__Goal of the exercise__
Would you write out the listing verbatim and skip every picture in it?

__Dataset section__

★ ★ ★ ★ ★

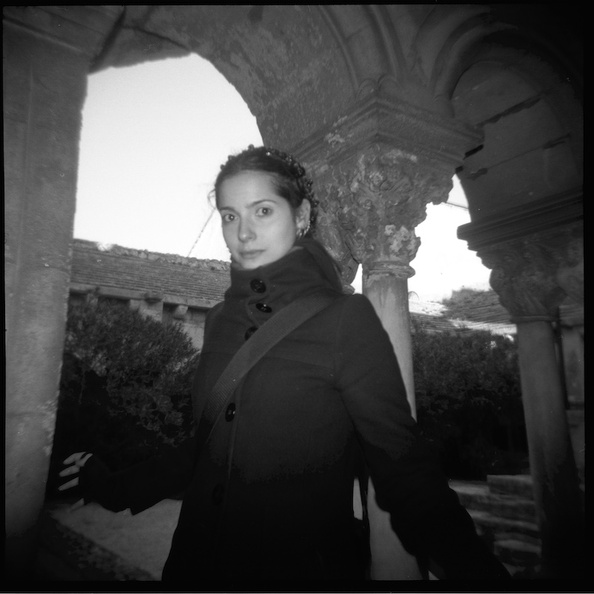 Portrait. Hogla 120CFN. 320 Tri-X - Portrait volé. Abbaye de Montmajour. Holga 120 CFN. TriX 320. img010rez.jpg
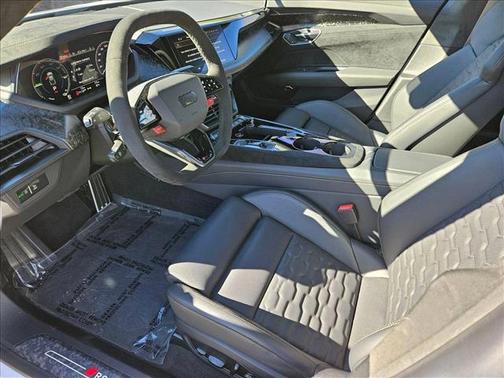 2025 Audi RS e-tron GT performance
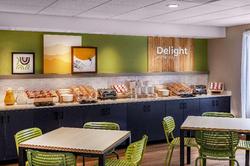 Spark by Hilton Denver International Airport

★ ★ ★ ★ ★

__Solution for this problem__
 Portrait. Hogla 120CFN. 320 Tri-X - Portrait volé. Abbaye de Montmajour. Holga 120 CFN. TriX 320. img010rez.jpg
 2025 Audi RS e-tron GT performance
 Spark by Hilton Denver International Airport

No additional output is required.